Below is a profile I did on Joseph Carringer who works out of Portsmouth. I think it is important for us to remember that medicine can be defined extremely broadly and there are so many different ways one can go about healing themselves and others. Didgeridoo Sound Therapy is one of these options! -L

“Fourteen years ago Joseph Carringer sat straight up in bed in the middle of the night with his eyes wide open. His girlfriend at the time curiously looked up at him from underneath the covers. “I’m going to play the didgeridoo,” said Joseph to no one in particular. He had no idea what he had been dreaming about or what a didgeridoo was; yet something had compelled him to make the statement. The rest is history.

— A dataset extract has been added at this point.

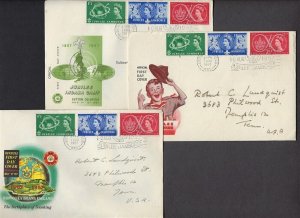 1957 Great Britain Boy Scout World Jamboree Sutton Coldfield Moot FDC to US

Growing up in a military family, Joseph moved from place to place before spending most of his childhood in Nashua, New Hampshire. In his adult life, he has kept that nomadic pattern and explored much of the eastern side of the United States. His experiences vary from working with hemp textiles in D.C. and in the garment district of New York City, to helping run bars, doing landscaping, and playing music with DJ’s in Jersey City and Portland Maine, to name a few. But nothing could prepare him for the change in direction that would take place after that profound dream and ultimately lead him to a career in Didgeridoo Sound Therapy.

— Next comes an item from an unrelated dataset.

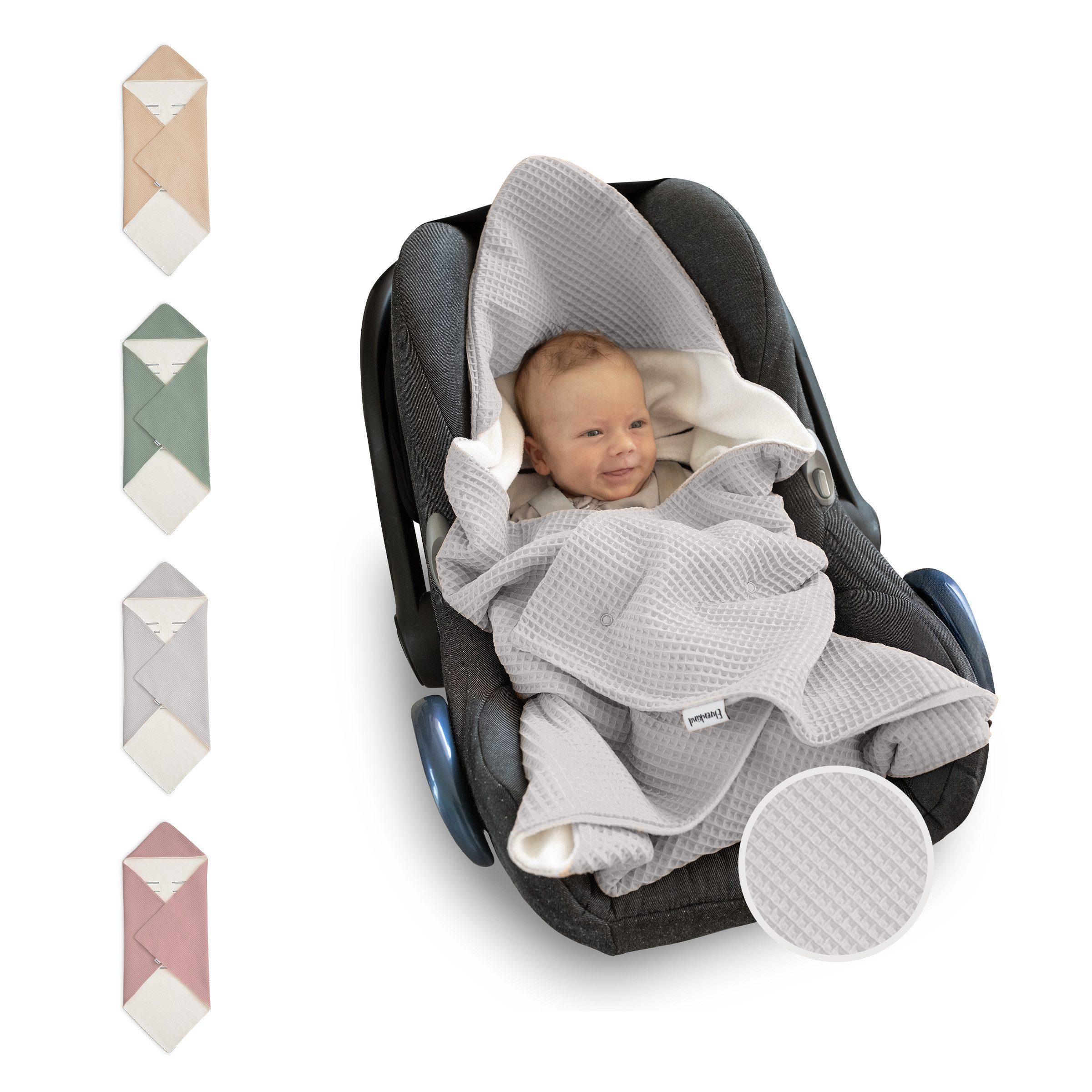 Einschlagdecke Babyschale, Babydecke für Kindersitz oder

During an outing in Portsmouth about 6 months after his dream, Joseph found himself in Macroscopic, a boutique in the downtown area. There in front of him lay a basket of Didgeridoos and intuitively he picked one up and blew into the hollowed out piece of wood.
“The women who was working looked from around the corner and said, ‘Do you play the Didge?’ and I said, ‘no’ and she looked straight at me and said, ‘yes, you do’.” said Joseph.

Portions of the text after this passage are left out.